Malaysia's king on Friday said he will let party leaders nominate prime ministerial candidates, rejecting interim leader Mahathir Mohamad's call for a vote by Parliament to choose a new leader, deepening the country's political turmoil following the collapse of the ruling coalition.
Mahathir, 94, the world's oldest leader, also suffered another blow after his Bersatu party switched allegiance and said it has decided to nominate its president as prime minister.
Mahathir on Thursday said the king would let the lower house of Parliament vote next Monday to elect a new prime minister and that a snap election would be called if there was an impasse. But the house speaker on Friday rejected Mahathir's bid to hold a vote, saying it didn't follow proper procedures and preempted an official decree from the king.
The palace later broke its silence, saying in a statement that the king, Sultan Abdullah Sultan Ahmad Shah, had taken note of the house speaker's decision. It confirmed that the king had been unable to find a candidate with majority support to form a government after interviewing all 222 lawmakers, but said he would “continue to seek a solution in line with the federal constitution.” The palace will now reach out to leaders of political parties to let them nominate candidates for the top job, it said.

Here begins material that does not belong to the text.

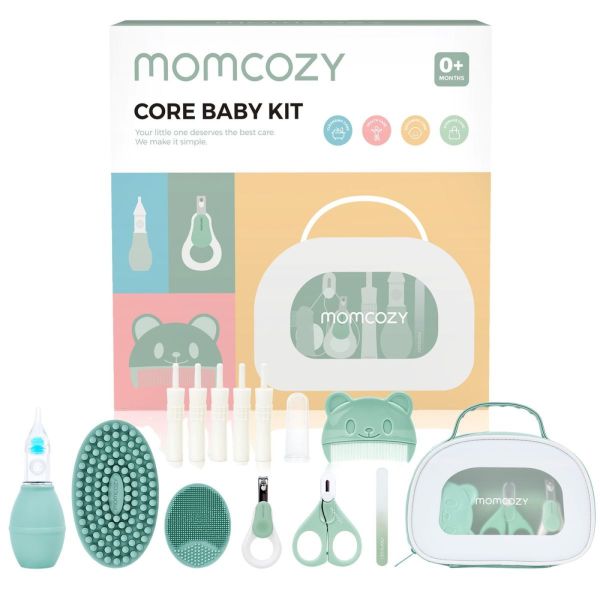 Kit de soins bébé complet naissance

The country’s former interior minister, Muhyiddin Yassin, will be the prime ministerial nominee of the party of Mahathir. It signaled Mahathir was giving up on returning as premier himself for the third time but wanted an ally in the role. The former ruling coalition meanwhile said it was nominating Anwar Ibrahim. Anwar's camp is currently the biggest bloc, with control of 41% of the seats, 20 short of a simple majority. The men's stormy relationship dates back to the 1990s when Mahathir sacked Anwar as his deputy, and he was jailed on dubious sodomy charges.